▶ [Requirement] Images should be omitted while the rest of the data is duplicated exactly.

Captioned web image data:

>>>>

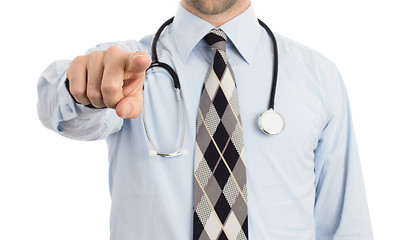 Image showing Doctor pointing with his finger, closeup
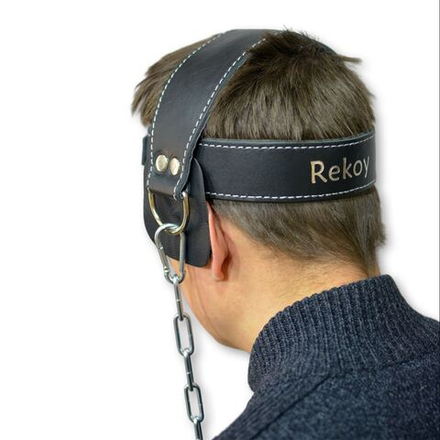 Тренировочный ремень-лямка из натуральной кожи для мышц шеи Упряжь ReKoy FG041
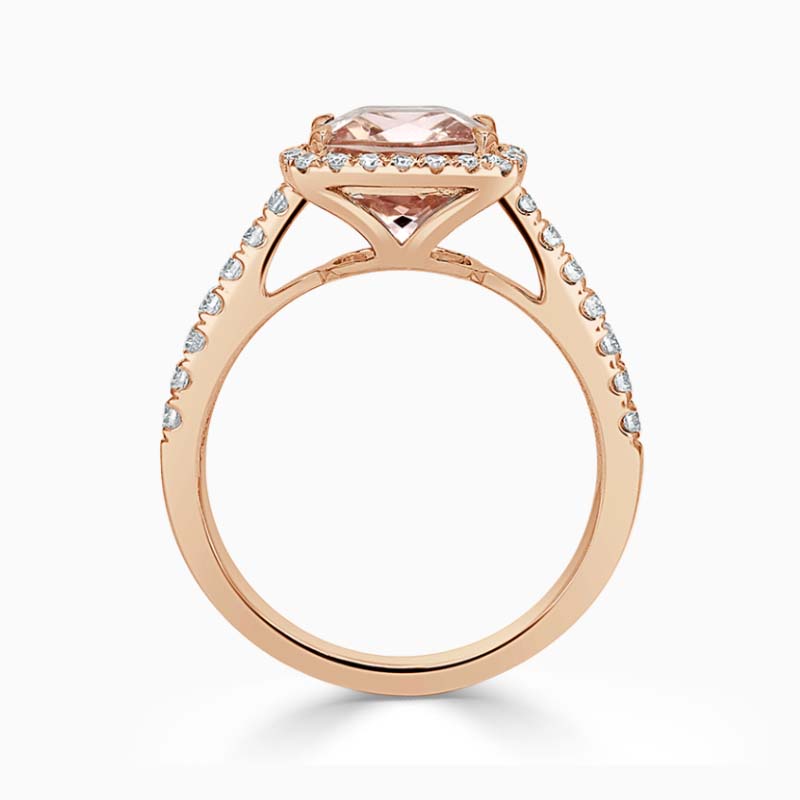 18ct Rose Gold Cushion Morganite & Diamond Halo Ring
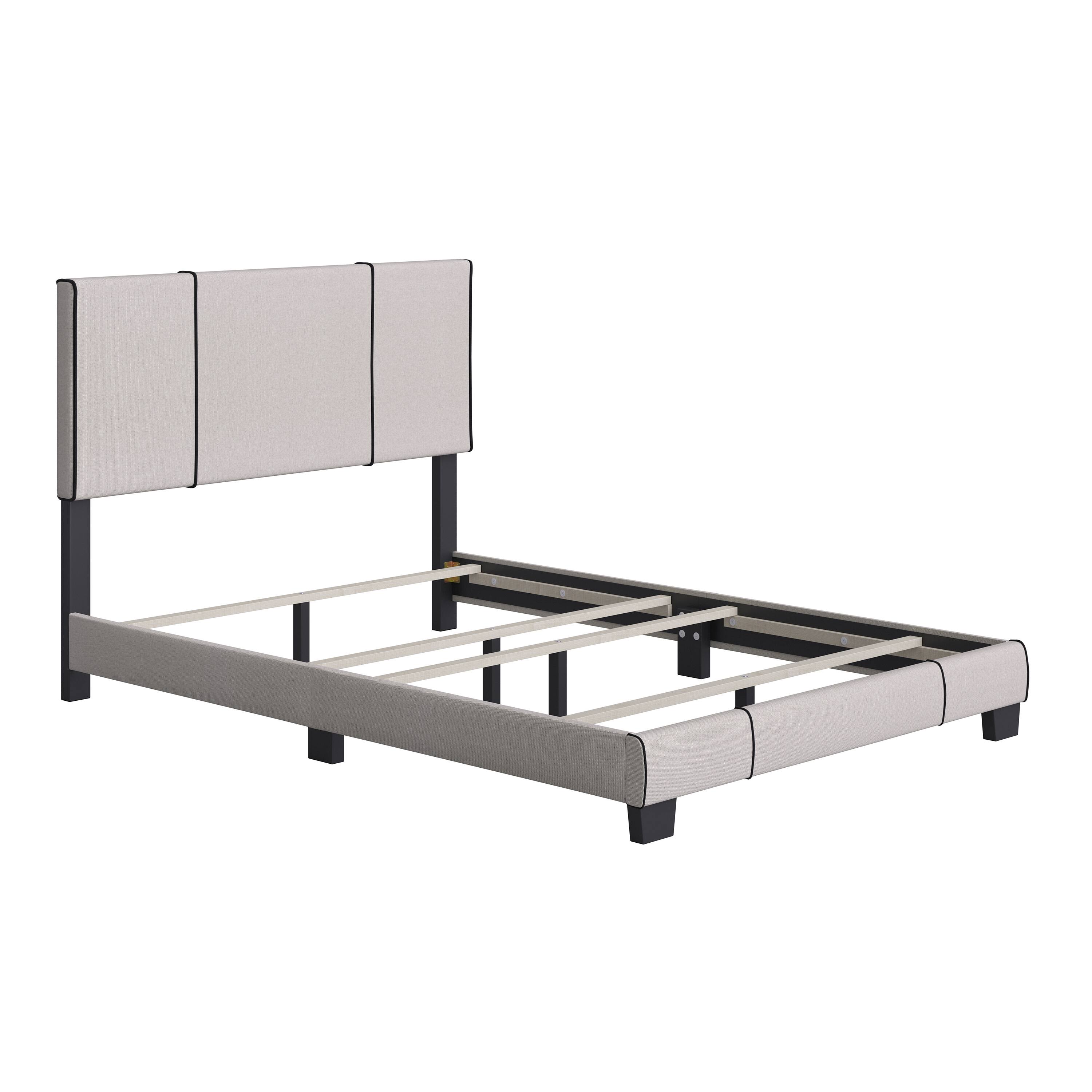 Front. Boyd Sleep - Lucena Upholstered Bed Frame, 4 Slat Wood Support System, Box Spring Required, Twin - White.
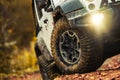 Four Wheel Drive Vehicle Off Road Tires Close Up Royalty Free Stock Photo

<<<<

▶ [Task output]
 Image showing Doctor pointing with his finger, closeup
 Тренировочный ремень-лямка из натуральной кожи для мышц шеи Упряжь ReKoy FG041
 18ct Rose Gold Cushion Morganite & Diamond Halo Ring
 Front. Boyd Sleep - Lucena Upholstered Bed Frame, 4 Slat Wood Support System, Box Spring Required, Twin - White.
 Four Wheel Drive Vehicle Off Road Tires Close Up Royalty Free Stock Photo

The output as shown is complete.